BEGIN Material shown

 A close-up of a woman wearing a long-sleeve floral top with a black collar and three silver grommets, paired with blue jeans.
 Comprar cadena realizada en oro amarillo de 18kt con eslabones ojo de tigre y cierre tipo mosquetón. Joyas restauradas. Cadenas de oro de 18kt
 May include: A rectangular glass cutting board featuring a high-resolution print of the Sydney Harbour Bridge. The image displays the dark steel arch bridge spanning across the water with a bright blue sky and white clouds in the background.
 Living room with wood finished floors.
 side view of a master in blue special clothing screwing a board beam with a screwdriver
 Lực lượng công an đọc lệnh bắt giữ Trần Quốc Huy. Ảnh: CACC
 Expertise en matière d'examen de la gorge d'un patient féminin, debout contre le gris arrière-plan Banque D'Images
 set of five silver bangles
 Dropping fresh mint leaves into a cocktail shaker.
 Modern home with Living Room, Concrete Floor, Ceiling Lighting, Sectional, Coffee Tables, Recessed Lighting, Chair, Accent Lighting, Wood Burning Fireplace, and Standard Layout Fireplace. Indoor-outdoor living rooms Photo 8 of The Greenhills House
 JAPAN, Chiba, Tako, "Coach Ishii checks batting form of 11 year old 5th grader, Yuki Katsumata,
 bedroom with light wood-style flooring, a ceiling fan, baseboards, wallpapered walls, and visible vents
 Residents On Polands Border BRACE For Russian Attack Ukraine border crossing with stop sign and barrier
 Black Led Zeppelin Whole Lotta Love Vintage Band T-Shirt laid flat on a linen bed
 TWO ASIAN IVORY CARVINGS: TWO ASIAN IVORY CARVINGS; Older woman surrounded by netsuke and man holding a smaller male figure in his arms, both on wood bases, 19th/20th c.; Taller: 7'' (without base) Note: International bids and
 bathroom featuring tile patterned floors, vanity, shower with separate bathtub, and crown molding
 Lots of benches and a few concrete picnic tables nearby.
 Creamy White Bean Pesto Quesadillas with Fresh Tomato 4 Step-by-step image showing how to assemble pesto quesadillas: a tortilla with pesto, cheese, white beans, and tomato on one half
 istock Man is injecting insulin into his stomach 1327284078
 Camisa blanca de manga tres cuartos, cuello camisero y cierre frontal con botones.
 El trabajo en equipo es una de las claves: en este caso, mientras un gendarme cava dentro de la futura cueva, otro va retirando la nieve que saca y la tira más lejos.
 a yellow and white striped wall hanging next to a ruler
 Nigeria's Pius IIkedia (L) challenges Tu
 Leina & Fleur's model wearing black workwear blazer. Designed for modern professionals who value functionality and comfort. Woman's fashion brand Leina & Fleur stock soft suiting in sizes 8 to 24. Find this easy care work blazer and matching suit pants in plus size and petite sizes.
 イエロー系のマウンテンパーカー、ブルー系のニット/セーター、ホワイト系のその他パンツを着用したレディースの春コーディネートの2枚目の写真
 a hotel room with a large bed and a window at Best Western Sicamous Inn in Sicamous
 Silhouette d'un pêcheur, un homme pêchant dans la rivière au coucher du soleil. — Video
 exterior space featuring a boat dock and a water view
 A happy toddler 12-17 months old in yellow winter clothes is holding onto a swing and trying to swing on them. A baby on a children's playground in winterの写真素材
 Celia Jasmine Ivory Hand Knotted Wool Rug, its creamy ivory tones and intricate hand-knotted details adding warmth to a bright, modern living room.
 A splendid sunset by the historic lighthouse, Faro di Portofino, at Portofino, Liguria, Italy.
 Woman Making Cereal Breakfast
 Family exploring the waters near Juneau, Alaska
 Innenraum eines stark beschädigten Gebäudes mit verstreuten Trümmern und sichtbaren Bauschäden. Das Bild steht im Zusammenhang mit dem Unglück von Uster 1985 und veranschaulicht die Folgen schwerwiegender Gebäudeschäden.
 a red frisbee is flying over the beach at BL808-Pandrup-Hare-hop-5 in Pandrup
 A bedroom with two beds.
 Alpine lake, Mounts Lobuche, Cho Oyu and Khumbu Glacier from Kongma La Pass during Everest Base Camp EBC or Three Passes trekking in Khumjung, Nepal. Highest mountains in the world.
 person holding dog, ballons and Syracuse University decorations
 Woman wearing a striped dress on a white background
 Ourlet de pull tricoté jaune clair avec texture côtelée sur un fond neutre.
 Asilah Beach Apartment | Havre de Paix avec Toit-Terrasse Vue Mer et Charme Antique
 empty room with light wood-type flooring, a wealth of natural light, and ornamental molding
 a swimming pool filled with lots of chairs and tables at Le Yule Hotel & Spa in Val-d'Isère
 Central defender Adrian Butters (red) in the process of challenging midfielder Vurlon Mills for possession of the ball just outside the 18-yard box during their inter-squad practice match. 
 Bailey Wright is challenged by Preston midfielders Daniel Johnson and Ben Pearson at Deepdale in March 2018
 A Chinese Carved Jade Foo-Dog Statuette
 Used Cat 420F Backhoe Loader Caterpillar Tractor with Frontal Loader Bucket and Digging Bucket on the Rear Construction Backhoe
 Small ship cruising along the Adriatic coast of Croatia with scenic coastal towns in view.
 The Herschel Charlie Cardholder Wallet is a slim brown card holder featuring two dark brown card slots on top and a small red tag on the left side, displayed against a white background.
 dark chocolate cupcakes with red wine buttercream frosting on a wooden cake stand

END Material shown

All that should be written out is the stretch of lines above between the one holding "Creamy White Bean" and the one holding "Camisa blanca de", inclusive, exactly as given.

■ **Your response**:
 Creamy White Bean Pesto Quesadillas with Fresh Tomato 4 Step-by-step image showing how to assemble pesto quesadillas: a tortilla with pesto, cheese, white beans, and tomato on one half
 istock Man is injecting insulin into his stomach 1327284078
 Camisa blanca de manga tres cuartos, cuello camisero y cierre frontal con botones.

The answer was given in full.